The take-home point here is that anytime is a great time to visit Maui, and honestly, the weather between seasons differs by only a few degrees. But to fine-tune the timing of your Maui vacation, take advantage of these tips.
Avoid the crowds and travel for less
Everyone loves to go to Hawaii over the winter holidays – in fact, anytime when the weather is bad elsewhere. Hands down, the winter months are the most crowded and the most expensive. If you can, instead, take time off in the spring and fall, you'll not only beat the crowds but will also avoid the high-priced hotel and airfare rates of winter and summer.
The Japanese also consider Hawaii a prime vacation destination, so try to avoid Japan's Golden Week, which incorporates four national holidays into the last week of April through the first week of May.
Sun and snorkel
To beach it – whether to sun, swim, snorkel or paddle board – you might want to avoid the rainy season from November through March. In fact, the historically driest months on Maui are from June through September. This doesn't mean you will necessarily experience heavy or frequent rain in the winter – it just means that rain is more likely than in summer.

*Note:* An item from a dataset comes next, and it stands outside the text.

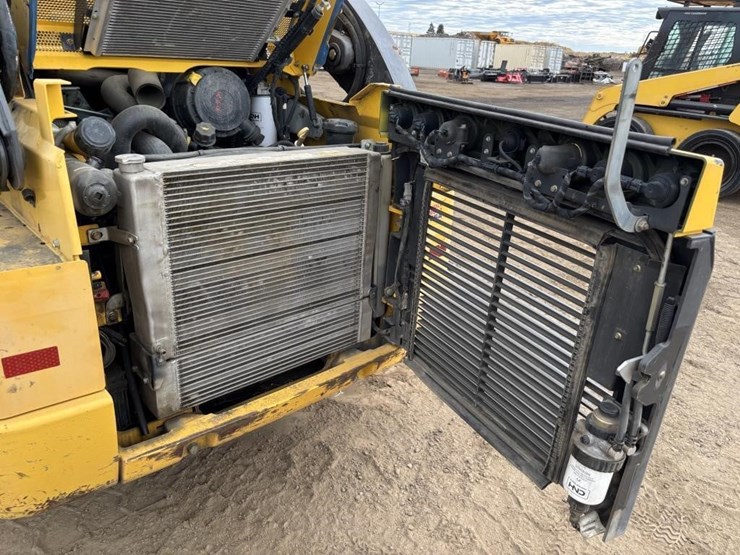 2021-new-holland-l328-image-39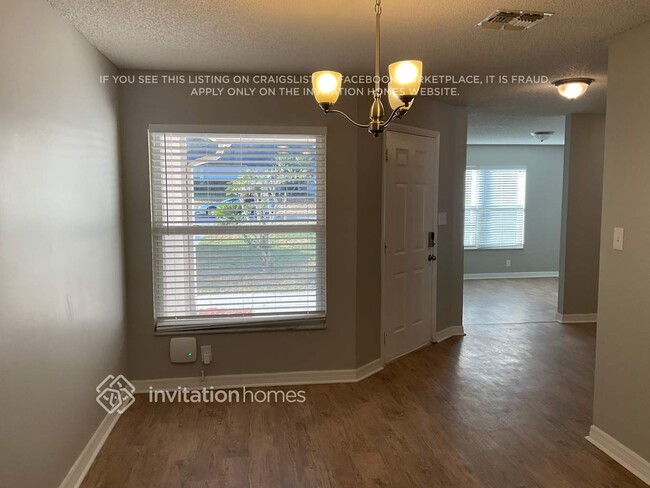 Foto del edificio - 7773 Bay Cedar Dr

For some specifics, consider that November averages 2.2 inches of rain a year, December 3.2 inches and January 2.8 inches. Compare these amounts to, say, Florida's average winter rainfall – another popular winter destination – which averages 3.5 inches of rain in November, 3.9 in December and 4.3 in January. Maui is the clear winner here.
Again, spring and fall are the ideal time for sun, with rain averaging just 1.5 to 1.25 inches per year. And the temperatures during these two seasons are also ideal, ranging from highs in the mid-to-high 80s and lows in the mid-60s and 70s. Summer sees much higher temperatures, frequently in the 90s, so if you're heat-sensitive, it's a time to avoid.
Catch a whale (or a wave)
To see the island's famous whales, you must be there in the winter when the North Pacific humpback whales migrate between Hawaii and Alaska. Peak season is February, and next best is anytime between January and March, although you might catch a stray whale anytime between November and May.

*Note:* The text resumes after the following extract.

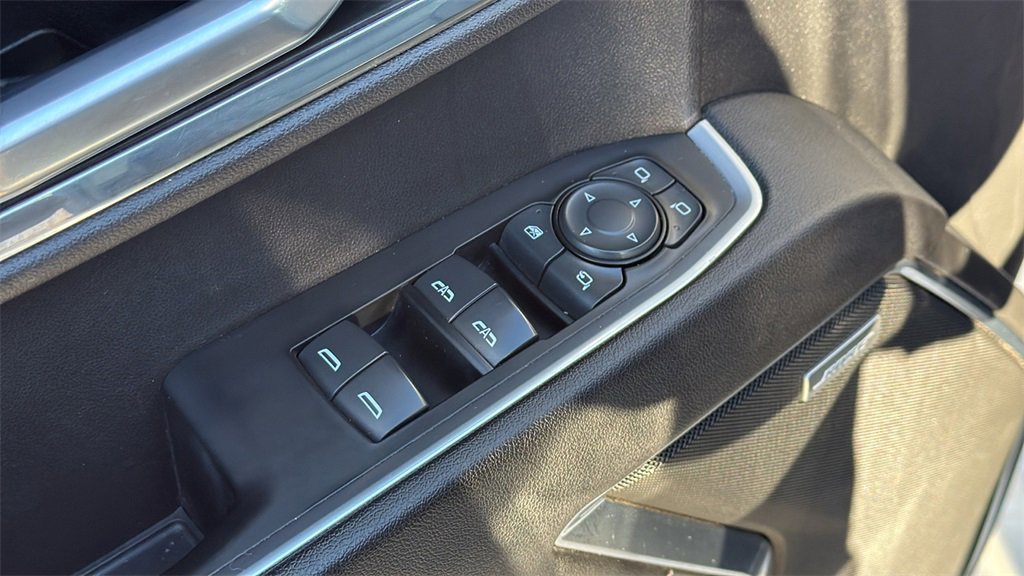 Used 2023 Chevrolet Silverado 1500 LTZ image 11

And if you're a surfer, winter is definitely for you, since the best waves arrive between December and March.
Understand the lee of the land
Since we're talking about an island here, consider that there is a leeward and a windward side, which definitely impacts the weather, creating several microclimates. Anytime of the year, you'll find warmer and drier weather on the leeward side (west and south) which also features the island's most stunning beaches and all of its resorts. The windward side features rainforests and rocky lava and is home to the famously beautiful and winding Road to Hana.